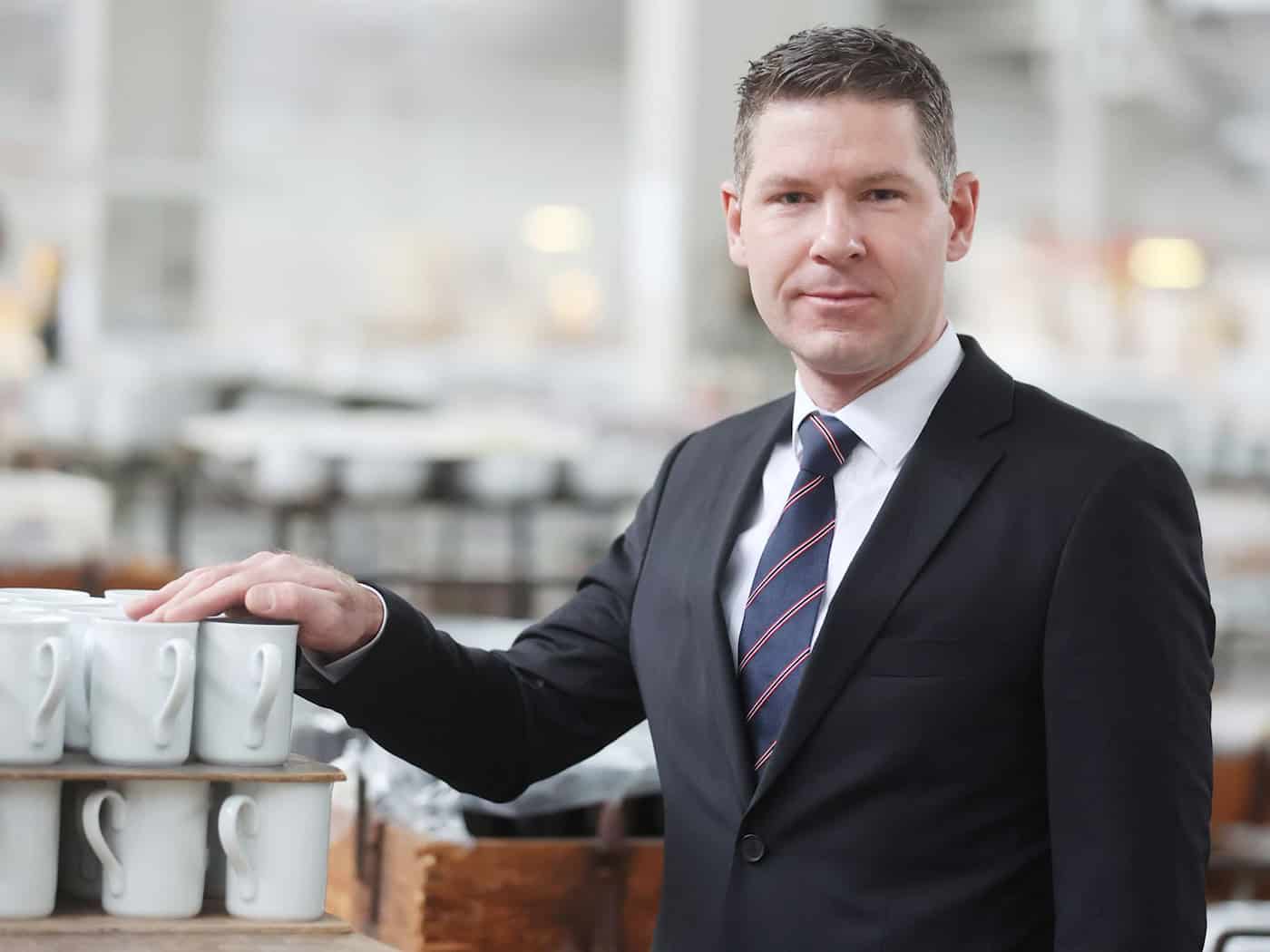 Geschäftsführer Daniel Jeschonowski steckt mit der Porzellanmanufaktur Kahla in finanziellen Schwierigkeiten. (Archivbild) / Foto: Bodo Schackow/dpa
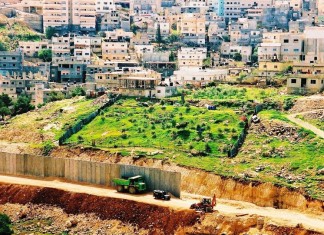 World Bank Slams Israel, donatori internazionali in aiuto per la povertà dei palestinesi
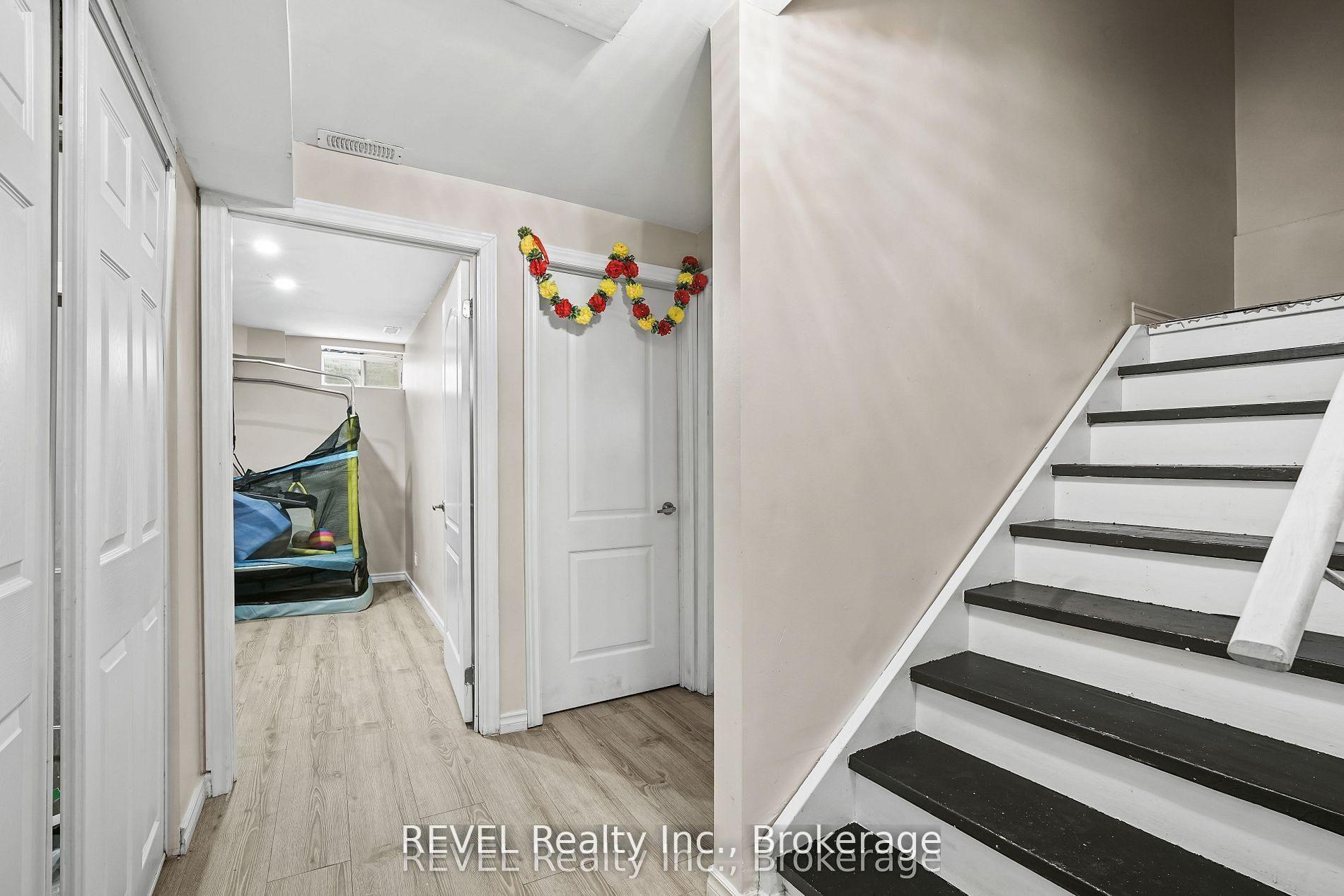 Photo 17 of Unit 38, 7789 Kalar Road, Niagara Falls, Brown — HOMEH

...

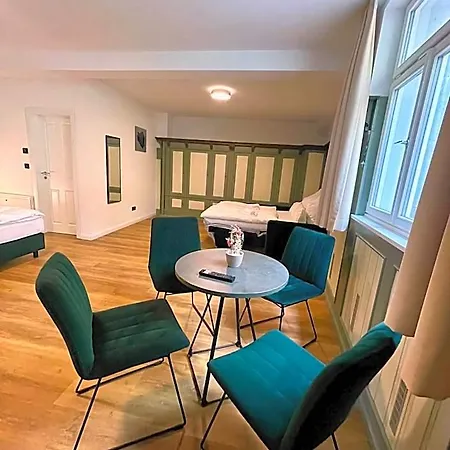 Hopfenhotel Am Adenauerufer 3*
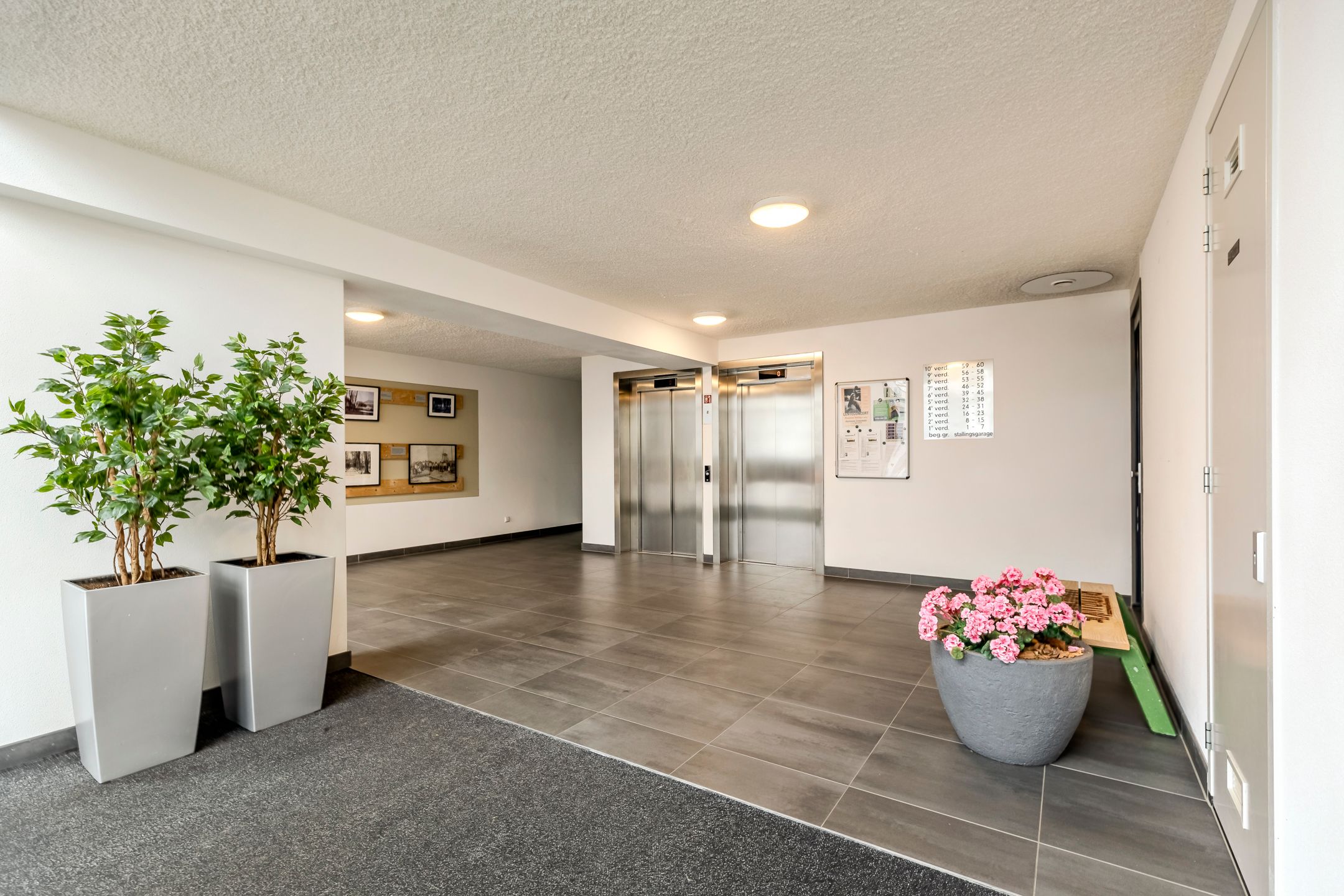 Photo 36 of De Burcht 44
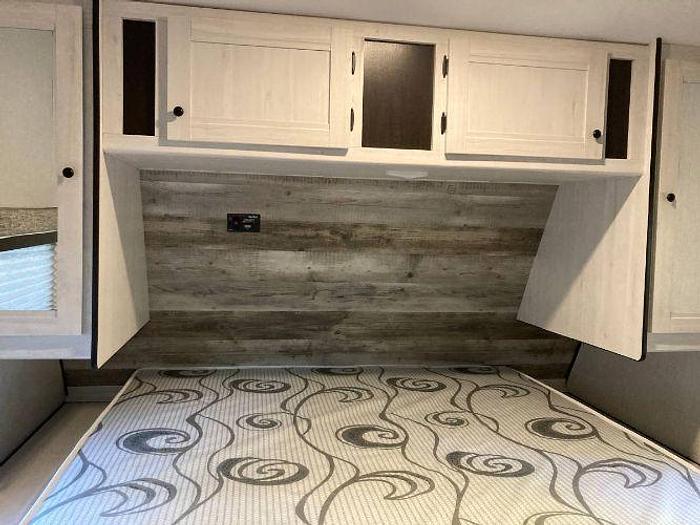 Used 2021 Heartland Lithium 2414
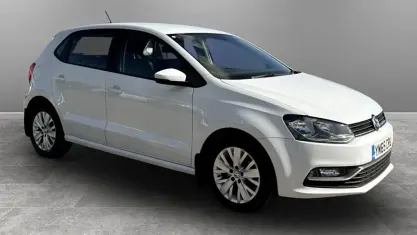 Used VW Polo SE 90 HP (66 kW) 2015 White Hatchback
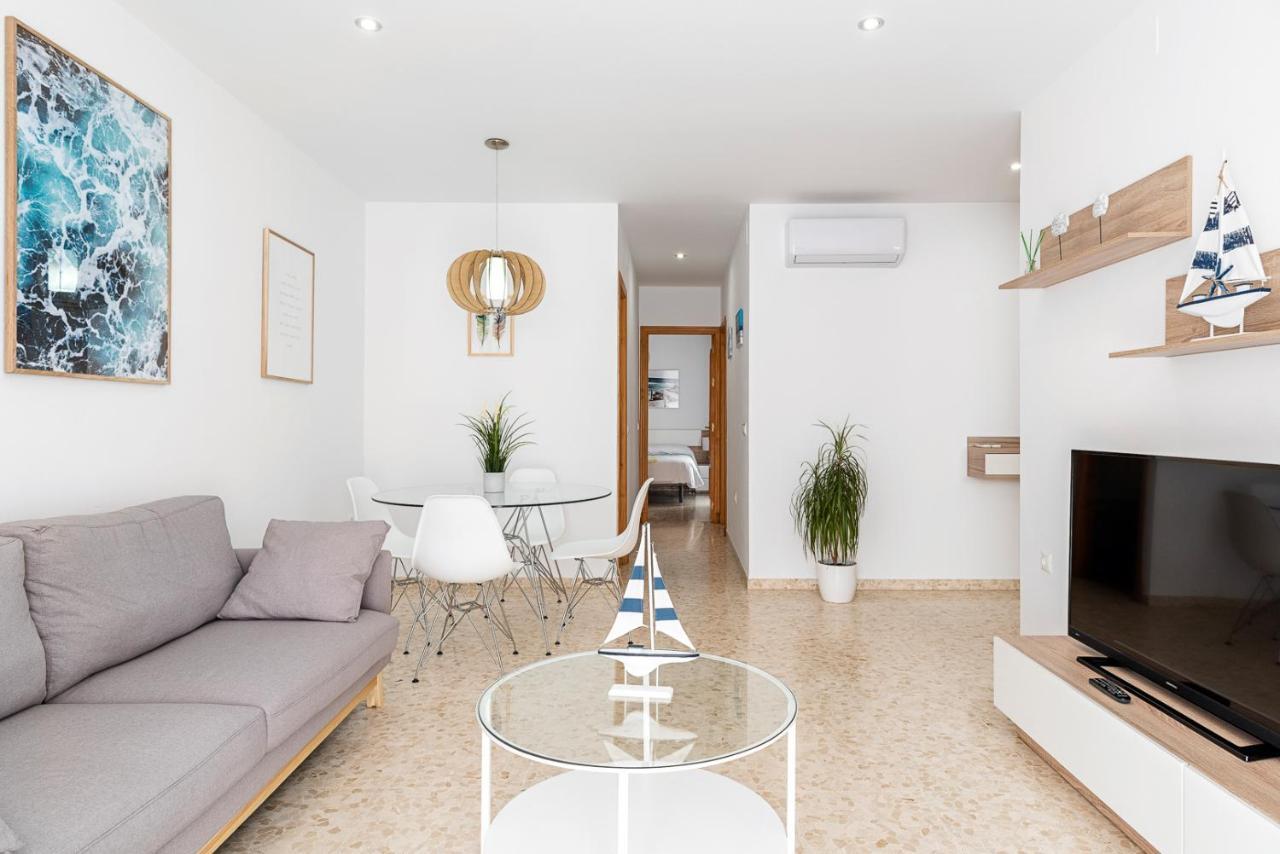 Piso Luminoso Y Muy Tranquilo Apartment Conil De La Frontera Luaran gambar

--

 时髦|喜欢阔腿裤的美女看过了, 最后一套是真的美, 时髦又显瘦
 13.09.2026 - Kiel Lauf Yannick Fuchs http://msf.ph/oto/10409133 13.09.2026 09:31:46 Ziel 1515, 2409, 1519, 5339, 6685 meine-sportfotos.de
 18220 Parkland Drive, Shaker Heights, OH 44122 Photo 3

→ What you should do
Look above for the line with "Hopfenhotel Am Adenauerufer 3*" and the line with "Piso Luminoso Y"; set down those two lines and all lines between them exactly, without pictures and without anything else.

→ Output of the task
 Hopfenhotel Am Adenauerufer 3*
 Photo 36 of De Burcht 44
 Used 2021 Heartland Lithium 2414
 Used VW Polo SE 90 HP (66 kW) 2015 White Hatchback
 Piso Luminoso Y Muy Tranquilo Apartment Conil De La Frontera Luaran gambar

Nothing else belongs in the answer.